My sister Kathie discovered our first real paper documentation about my Dad’s family probably circa 1993 or so.  It may seem like a “minor” issue to find birth and marriage certificates, but in a largely pre-internet era, it was really quite a feat and gave us at least minimal hope we might be able to find some answers.  While Kathie shared some of the information with my mother, everyone felt it was best not to upset my Dad by telling him what we had found.

My father sadly passed away in 1994, just shortly after I had gotten married.  His sole surviving brother Pat came out to Salt Lake City for his service, and Pat and I and a few other people sat out in our backyard in Mt.

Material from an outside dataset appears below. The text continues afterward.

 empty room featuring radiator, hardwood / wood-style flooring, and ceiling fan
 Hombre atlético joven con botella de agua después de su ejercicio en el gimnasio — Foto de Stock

Olympus Cove chatting when Pat suddenly shared a little factoid that he had never mentioned before.  Out of nowhere he disclosed that he and my Dad, along with Charlie and Kay, had been placed in a foster care agency called the Hebrew Sheltering Guardian Society.  It was a name that stuck with me and which years later finally provided some significant dividends.  Kind of incredibly, Pat himself died just a couple of weeks later, thereby shutting down any further avenues of “living” research (I had in fact been importuning Pat to get family history documented before it was too late–and then, of course, it was too late).

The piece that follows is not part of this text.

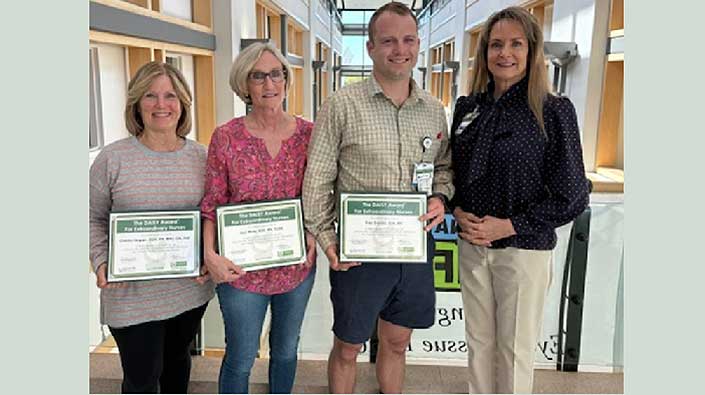 four nurses smiling with their awards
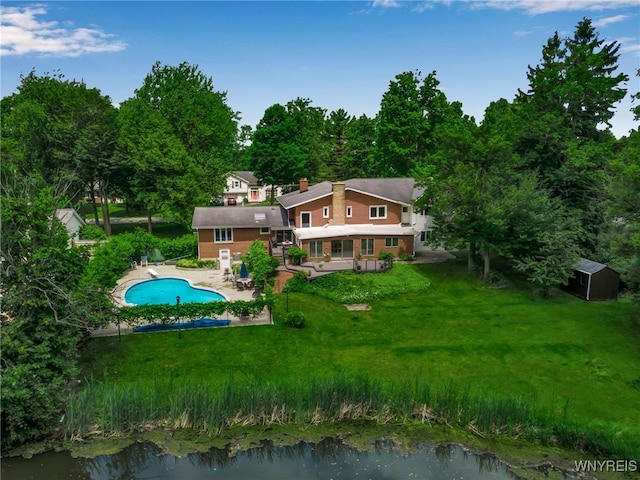 9325 Hunting Valley Rd N, Clarence, NY 14031 - rear view of property featuring an outdoor pool, a lawn, a patio, a chimney, and a storage shed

Probably circa 1996 or so, when dialup was still the norm and I along with many others were members of America Online, AOL offered a free weekend of ancestry research on Ancestry.com’s still nascent census databases.  They had the New York census data from 1930, and after hours of research I was able to find my Dad and all of his siblings at their various foster homes in Manhattan and Brooklyn.  It was here that I discovered that my father’s assumed middle name of Bernard had not in fact been his foster family’s surname, but his foster father’s first name.  The family name was Nachmonson, and I called many New York City Nachmonsons, leaving countless messages but unfortunately receiving no responses.  (In just another example of how far my father went to hide elements of his upbringing he didn’t want anyone to know, his foster brother Nate Nachmonson evidently came out to visit Salt Lake City when my Dad and Mom had just moved there after World War II and my sister Kathie was a baby.  My Dad told my Mom his foster brother’s name was Nate Bernard.  I would love for some enterprising genealogist to track down the Nachmonsons and see if they have childhood pictures or memories of my father.)

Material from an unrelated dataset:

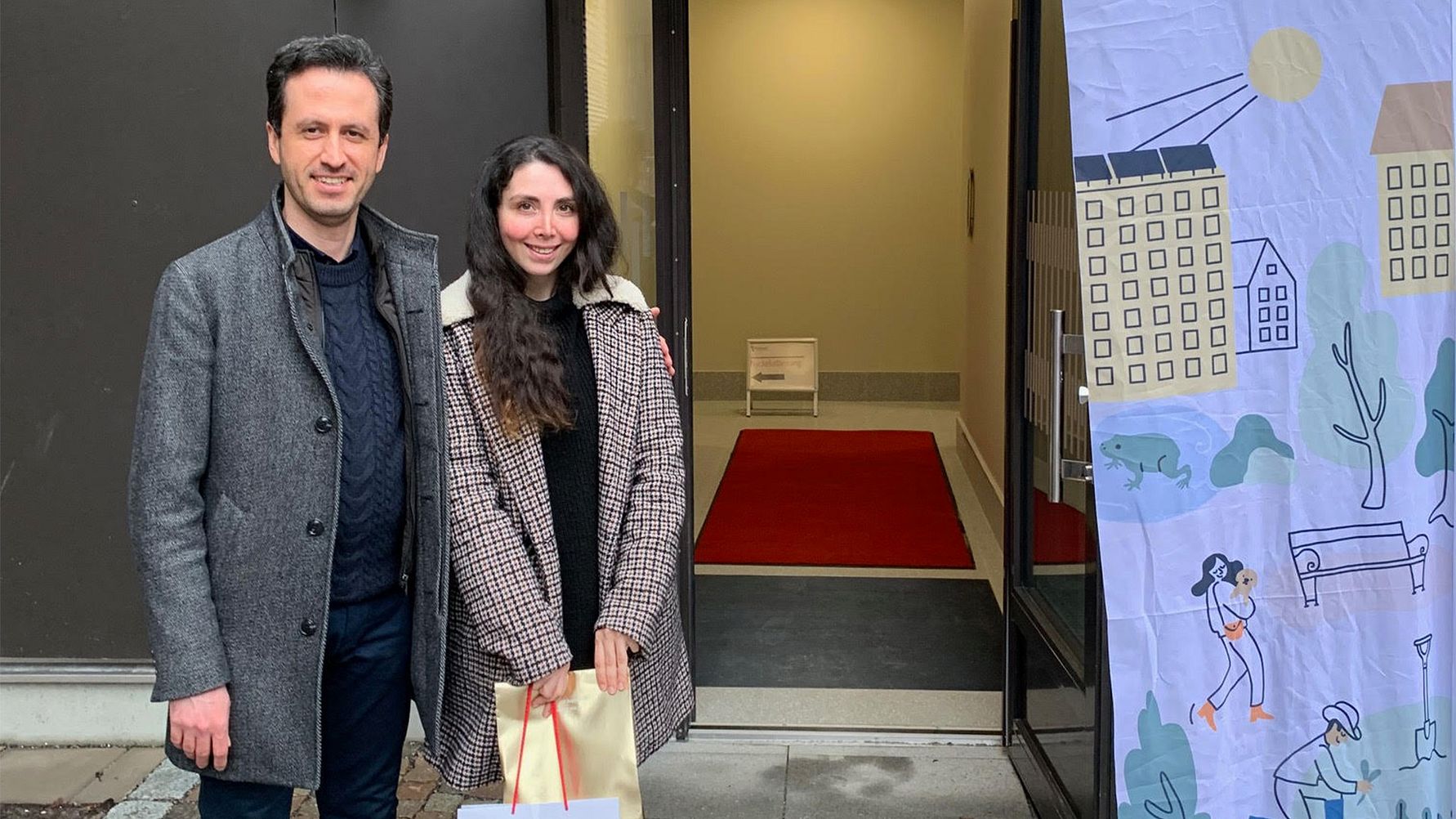 Två personer står framför en ingång med röd matta. I förgrunden syns en färgglad banner med stadsmotiv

(Update:  Intervening years have granted me connection to my Dad’s foster family, and interestingly they did indeed ultimately take the surname Bernard.)

As early search engines became more and more responsive, I kept searching for the Hebrew Sheltering Guardian Society, always coming up empty.  Then, incredibly, around 2002, almost a decade after my Dad’s death, I got a hit:  the Hebrew Sheltering Guardian Society had become the Jewish Child Care Agency, and it was still extant in Brooklyn.  I called them and was put in touch with a woman named Leona Ferrer.  I told her I believed my father and his siblings had been placed there and that I was wondering if we could get relevant records, since we were trying to solve some family mysteries.  “Ah, family mysteries,” Ms. Ferrer responded, as if she had been down this particular path many times previously.  This connection turned out to provide us with some of the most staggering information we had uncovered yet.